**YOUR TASK**: With pictures omitted, copy exactly the lines from the one containing "2004 Ford F-150 11th Gen - Image 4 of 14" through the end of the records below.

*** EXCERPTED RECORDS ***

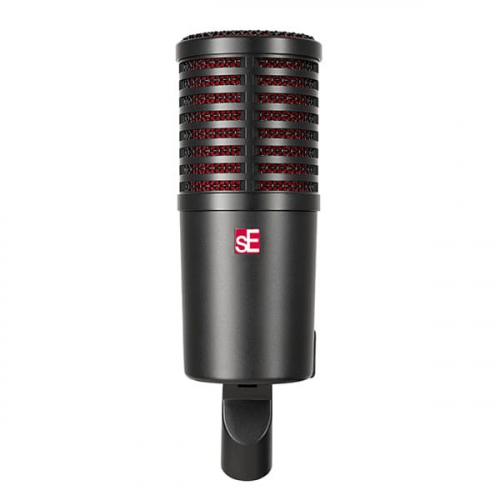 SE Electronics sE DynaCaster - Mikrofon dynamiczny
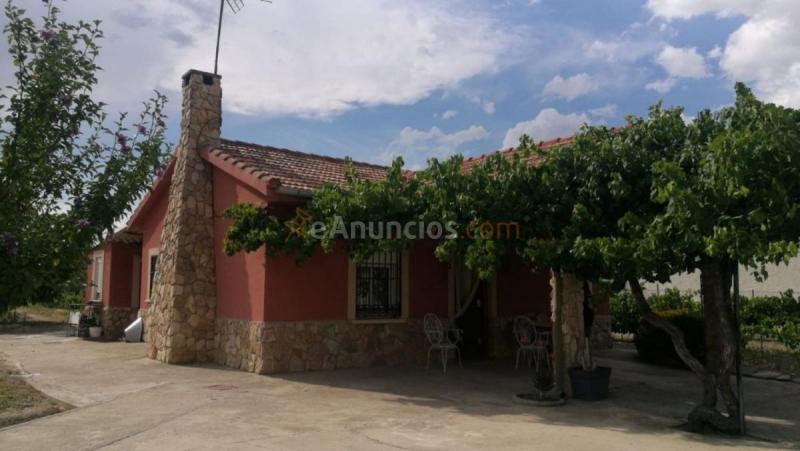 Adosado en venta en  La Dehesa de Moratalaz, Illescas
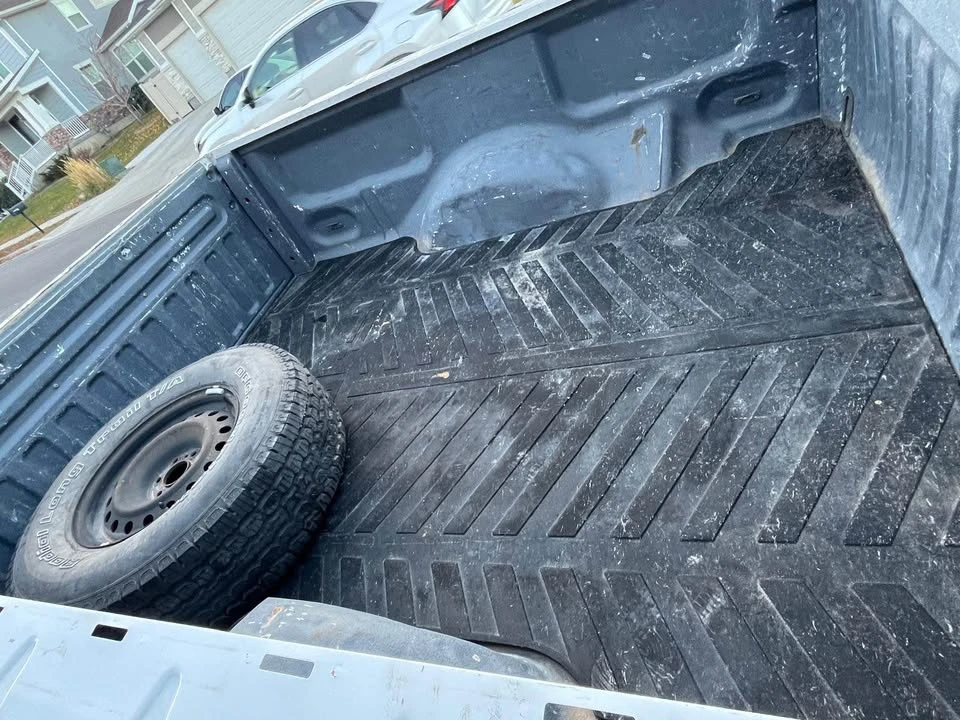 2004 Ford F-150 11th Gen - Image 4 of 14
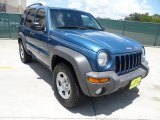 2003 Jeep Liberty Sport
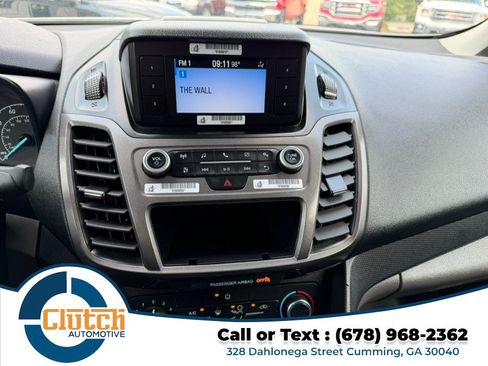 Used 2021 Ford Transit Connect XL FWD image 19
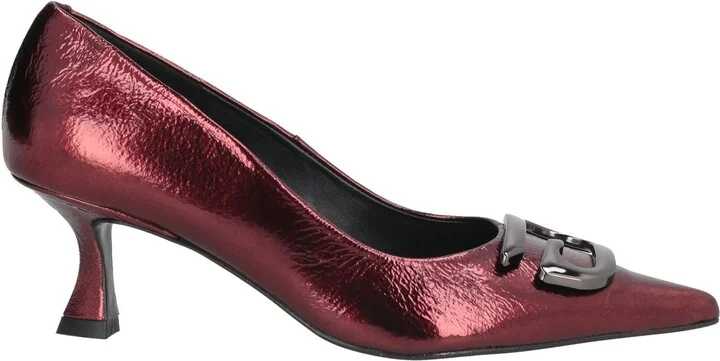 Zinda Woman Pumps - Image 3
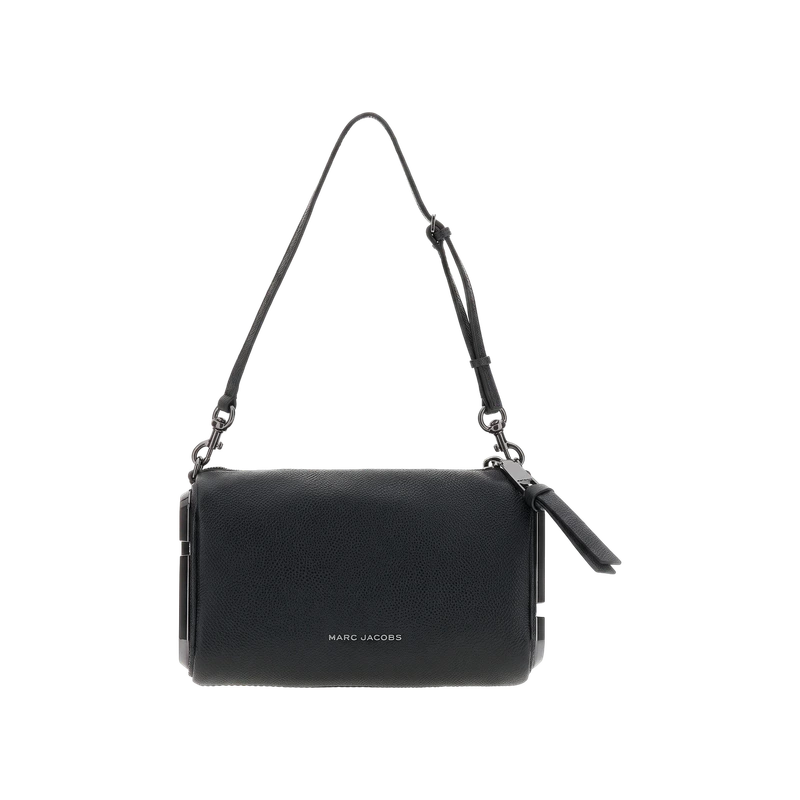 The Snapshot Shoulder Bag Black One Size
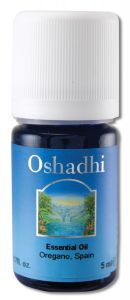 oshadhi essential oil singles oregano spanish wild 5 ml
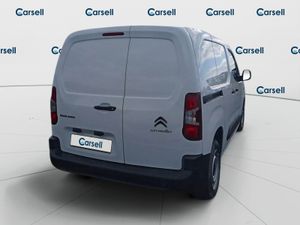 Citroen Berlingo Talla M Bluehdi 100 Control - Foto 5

*** End of EXCERPTED RECORDS ***

**ANSWER FOR THE TASK**:
 2004 Ford F-150 11th Gen - Image 4 of 14
 2003 Jeep Liberty Sport
 Used 2021 Ford Transit Connect XL FWD image 19
 Zinda Woman Pumps - Image 3
 The Snapshot Shoulder Bag Black One Size
 oshadhi essential oil singles oregano spanish wild 5 ml
 Citroen Berlingo Talla M Bluehdi 100 Control - Foto 5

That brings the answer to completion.